*Given records*
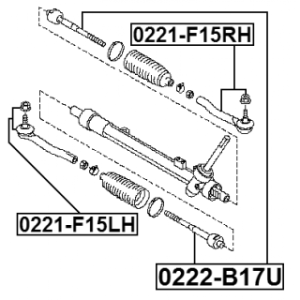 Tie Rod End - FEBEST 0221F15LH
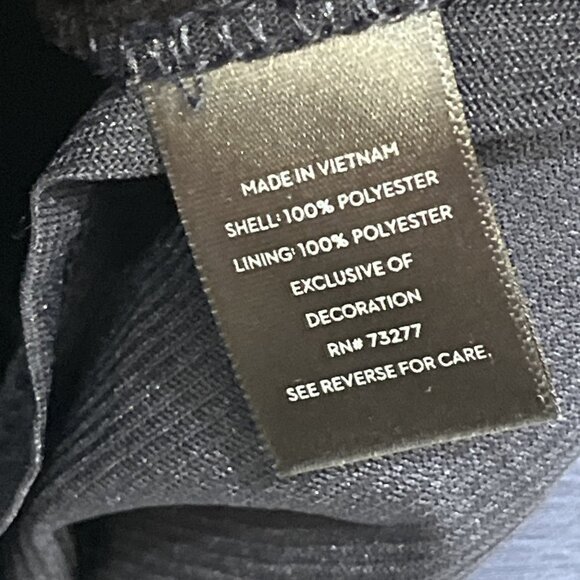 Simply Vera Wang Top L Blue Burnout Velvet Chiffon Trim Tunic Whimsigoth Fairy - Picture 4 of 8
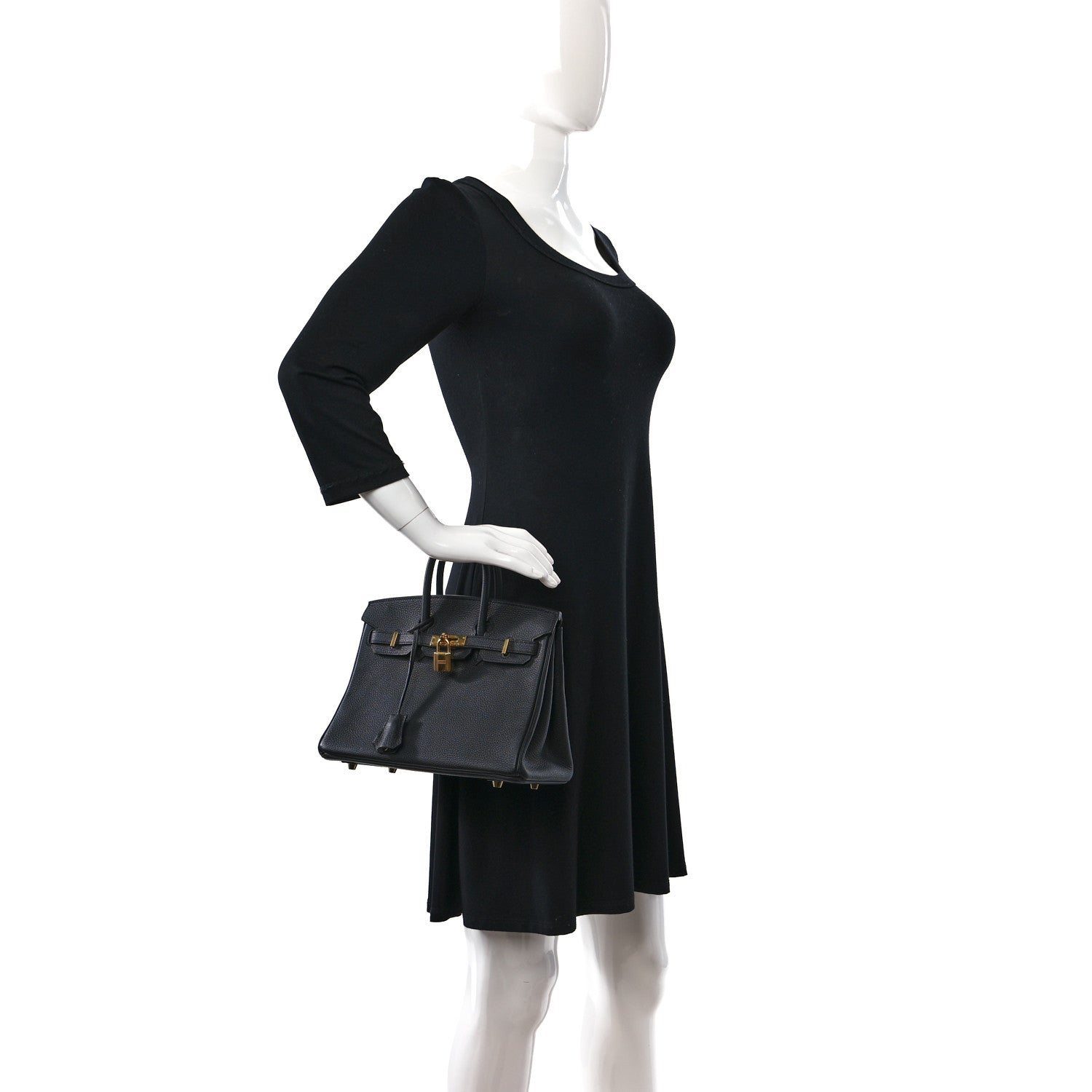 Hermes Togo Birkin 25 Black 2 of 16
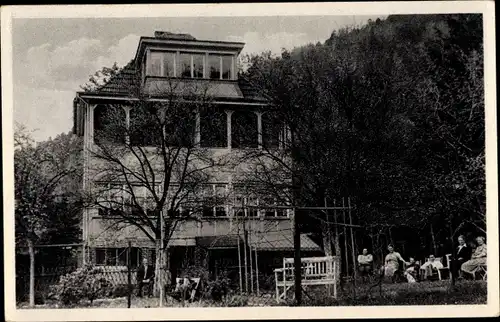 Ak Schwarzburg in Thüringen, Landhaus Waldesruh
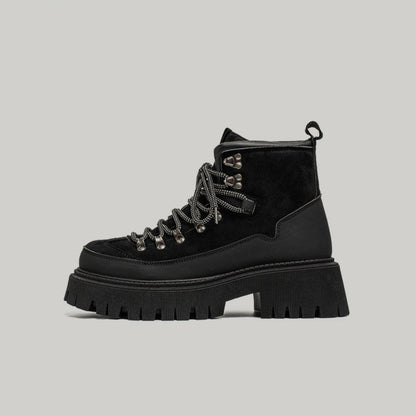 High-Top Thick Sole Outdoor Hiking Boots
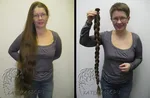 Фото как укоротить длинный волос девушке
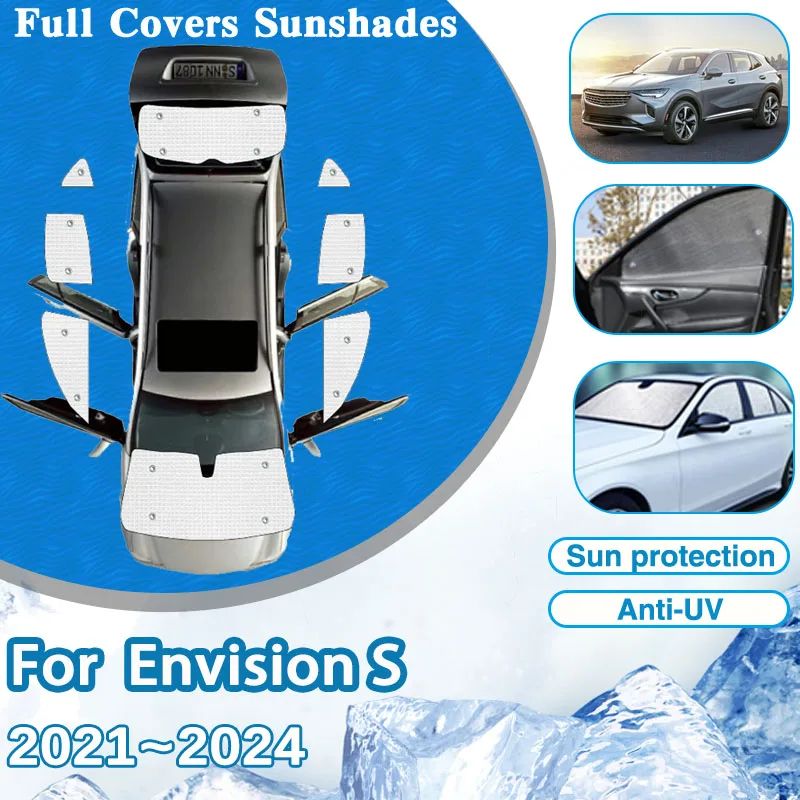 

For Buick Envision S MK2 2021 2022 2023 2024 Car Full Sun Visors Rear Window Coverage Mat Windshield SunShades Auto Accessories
...
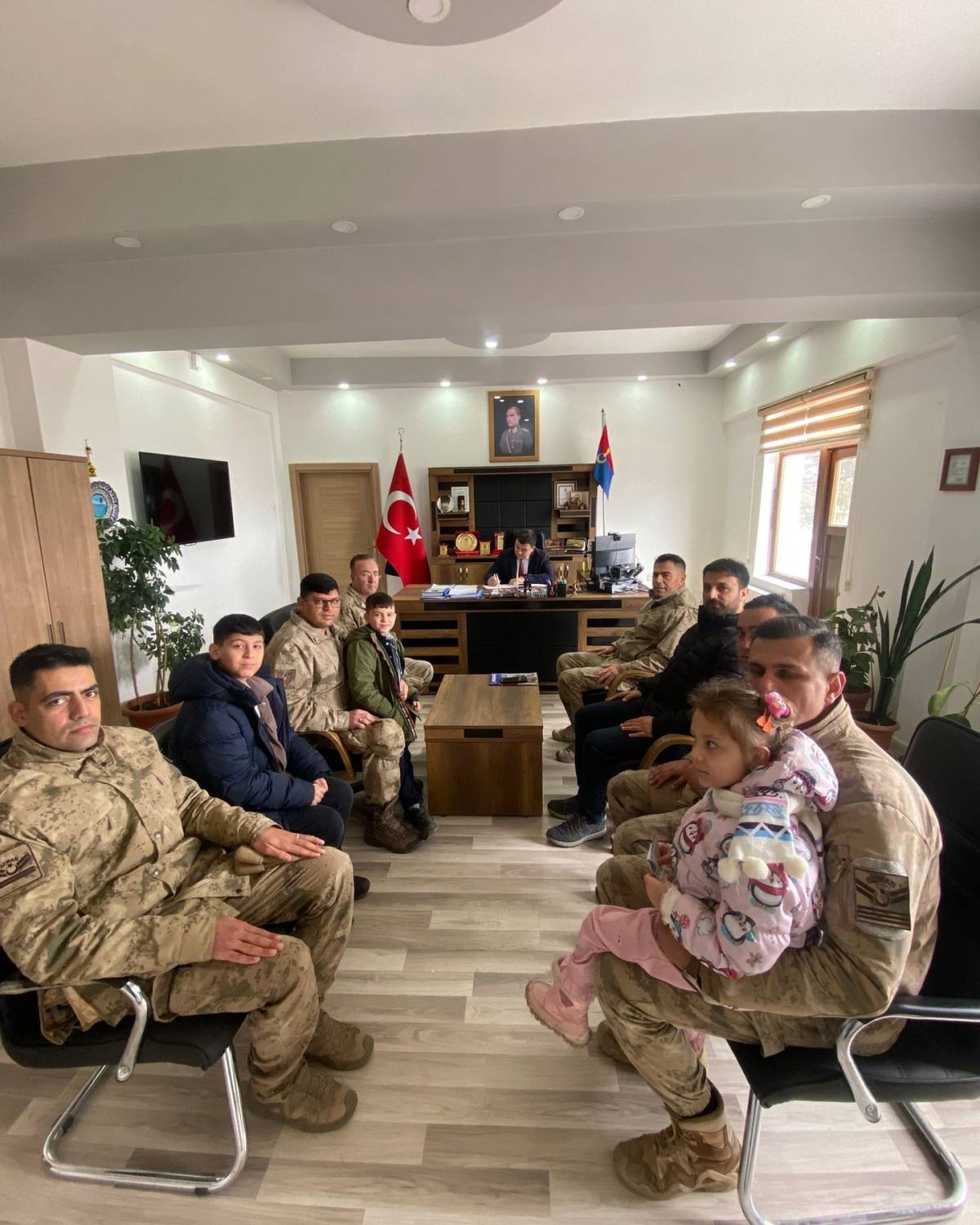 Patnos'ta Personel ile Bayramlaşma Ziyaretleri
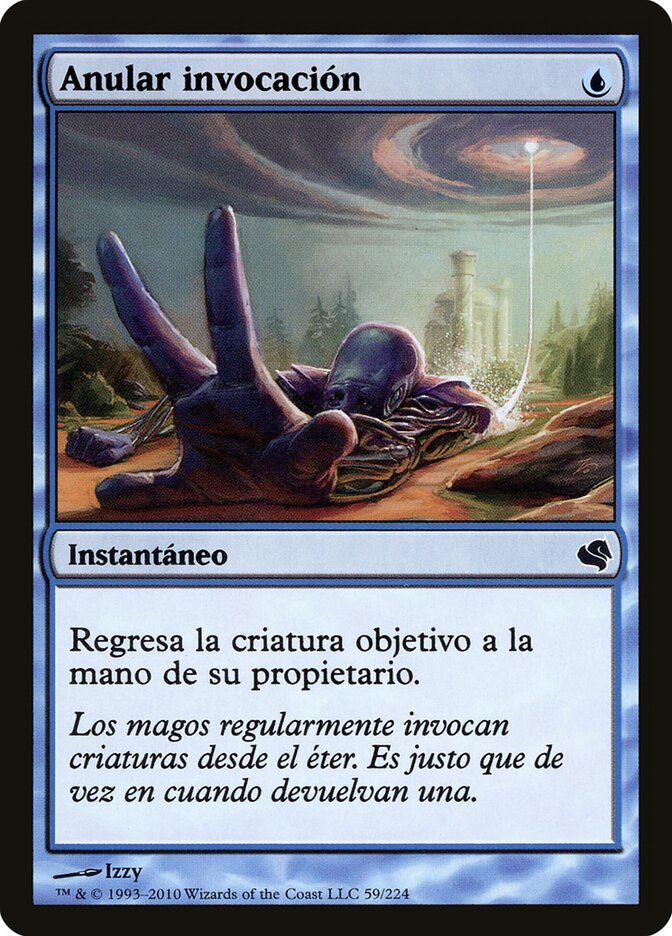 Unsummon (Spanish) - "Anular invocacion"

*Problem to work on*
Find the line with "Simply Vera Wang" and the line with "Фото как укоротить длинный волос девушке" in the records above. Copy both and all lines between them exactly, without pictures.

*Result for this exercise*
 Simply Vera Wang Top L Blue Burnout Velvet Chiffon Trim Tunic Whimsigoth Fairy - Picture 4 of 8
 Hermes Togo Birkin 25 Black 2 of 16
 Ak Schwarzburg in Thüringen, Landhaus Waldesruh
 High-Top Thick Sole Outdoor Hiking Boots
 Фото как укоротить длинный волос девушке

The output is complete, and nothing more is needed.